__Try it__.
When copying the data below, keep only the lines from the one with "Custom name yellow" through the one with "마더케이 베이직 PPSU", word for word, and skip the pictures.

__Records supplied__.
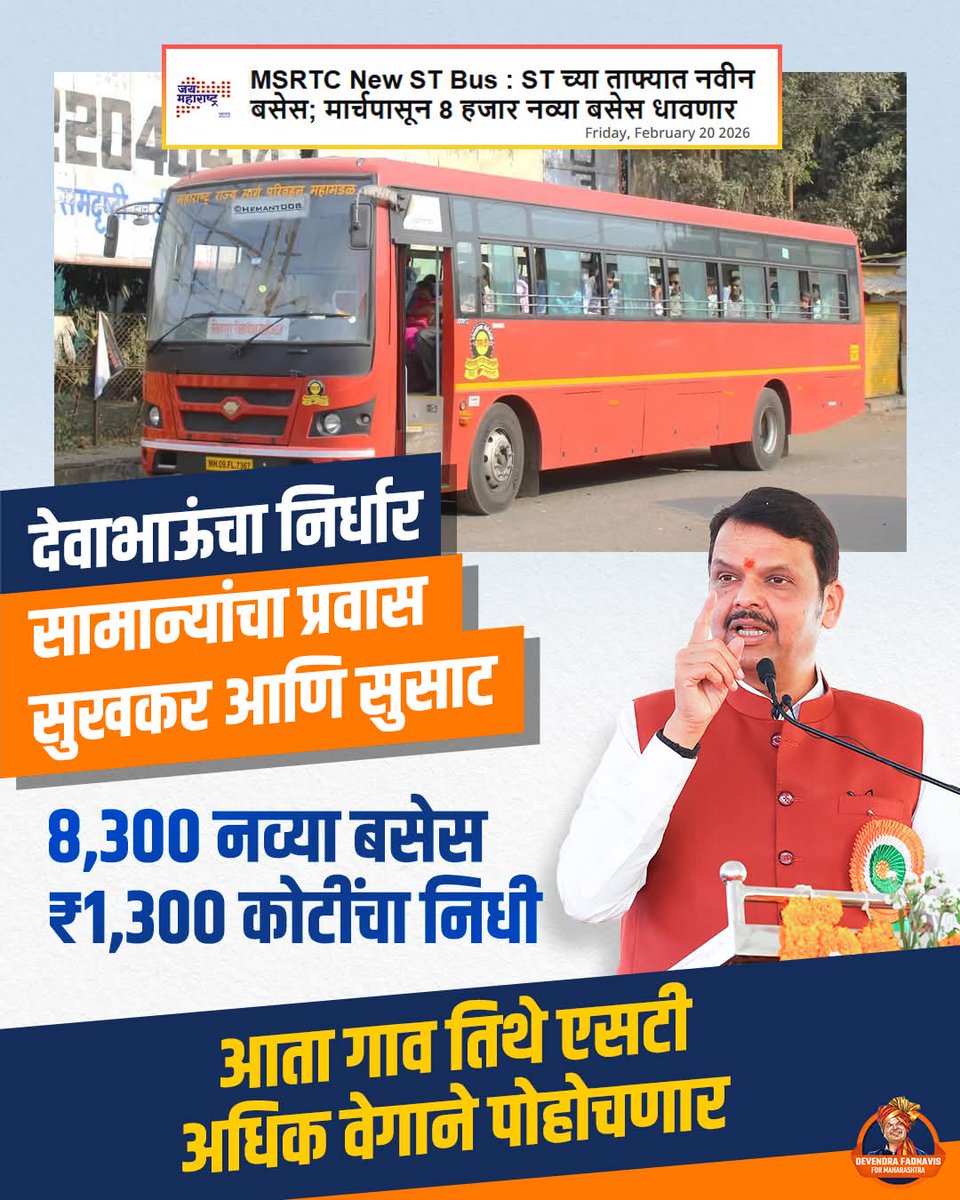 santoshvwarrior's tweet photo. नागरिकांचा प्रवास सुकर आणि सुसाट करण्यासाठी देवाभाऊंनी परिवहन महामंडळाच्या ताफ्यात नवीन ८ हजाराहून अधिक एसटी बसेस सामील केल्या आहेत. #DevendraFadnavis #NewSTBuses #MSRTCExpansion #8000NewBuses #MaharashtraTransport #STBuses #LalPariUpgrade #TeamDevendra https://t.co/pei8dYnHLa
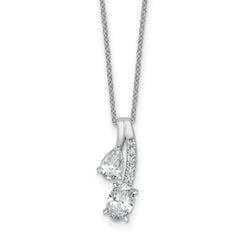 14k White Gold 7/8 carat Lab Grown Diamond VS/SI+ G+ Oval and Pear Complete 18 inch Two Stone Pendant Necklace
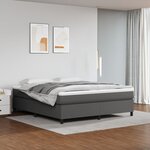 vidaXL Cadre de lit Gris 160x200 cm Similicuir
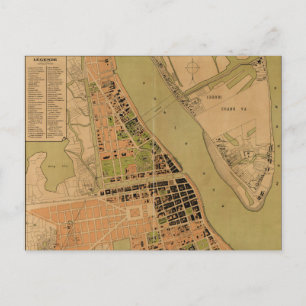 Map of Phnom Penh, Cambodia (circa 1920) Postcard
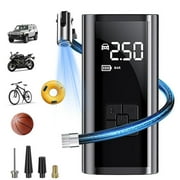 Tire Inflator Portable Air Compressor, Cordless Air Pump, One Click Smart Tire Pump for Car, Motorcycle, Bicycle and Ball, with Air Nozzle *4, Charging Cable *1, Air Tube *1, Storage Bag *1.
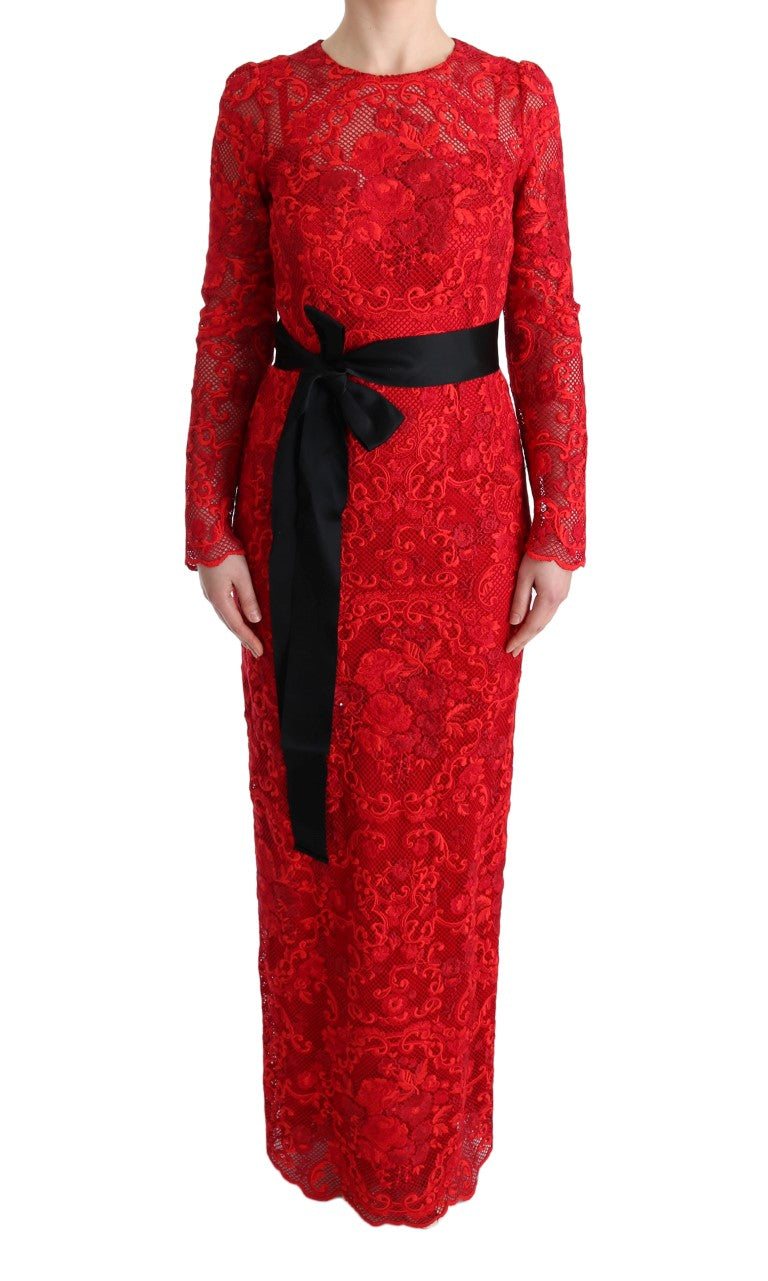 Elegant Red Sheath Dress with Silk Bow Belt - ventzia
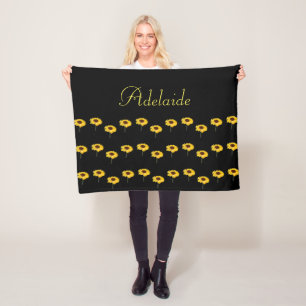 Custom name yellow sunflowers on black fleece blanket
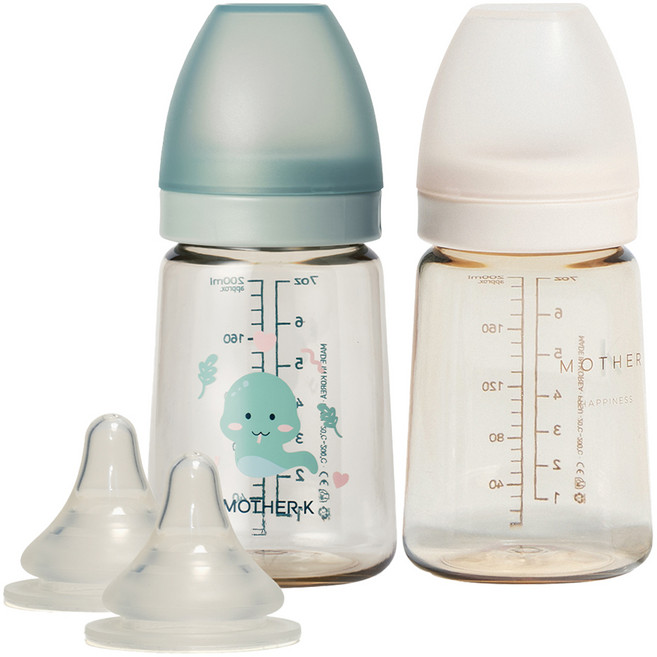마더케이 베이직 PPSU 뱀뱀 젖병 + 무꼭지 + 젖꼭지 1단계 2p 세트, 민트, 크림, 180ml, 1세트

==

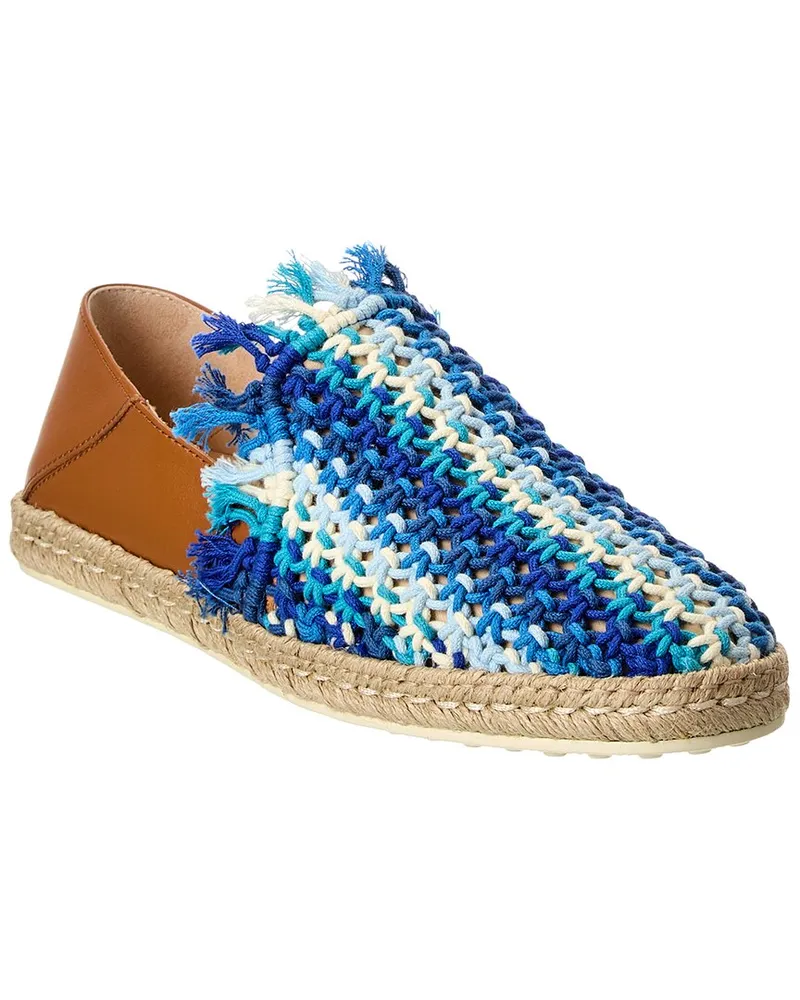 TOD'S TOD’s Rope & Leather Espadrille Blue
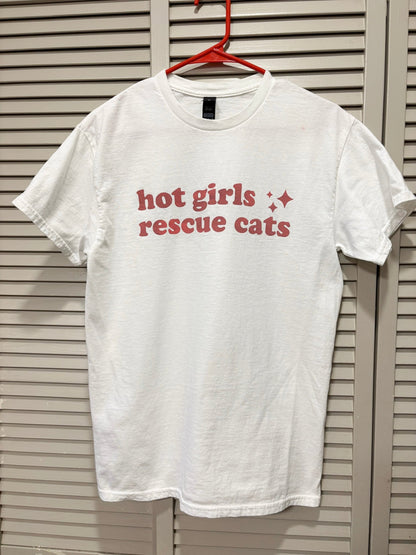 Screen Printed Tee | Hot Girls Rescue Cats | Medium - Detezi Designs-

...

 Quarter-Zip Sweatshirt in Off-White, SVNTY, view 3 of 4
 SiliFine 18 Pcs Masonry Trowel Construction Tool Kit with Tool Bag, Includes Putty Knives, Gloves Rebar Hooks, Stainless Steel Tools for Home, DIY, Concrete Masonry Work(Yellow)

__Written response__.
 Custom name yellow sunflowers on black fleece blanket
마더케이 베이직 PPSU 뱀뱀 젖병 + 무꼭지 + 젖꼭지 1단계 2p 세트, 민트, 크림, 180ml, 1세트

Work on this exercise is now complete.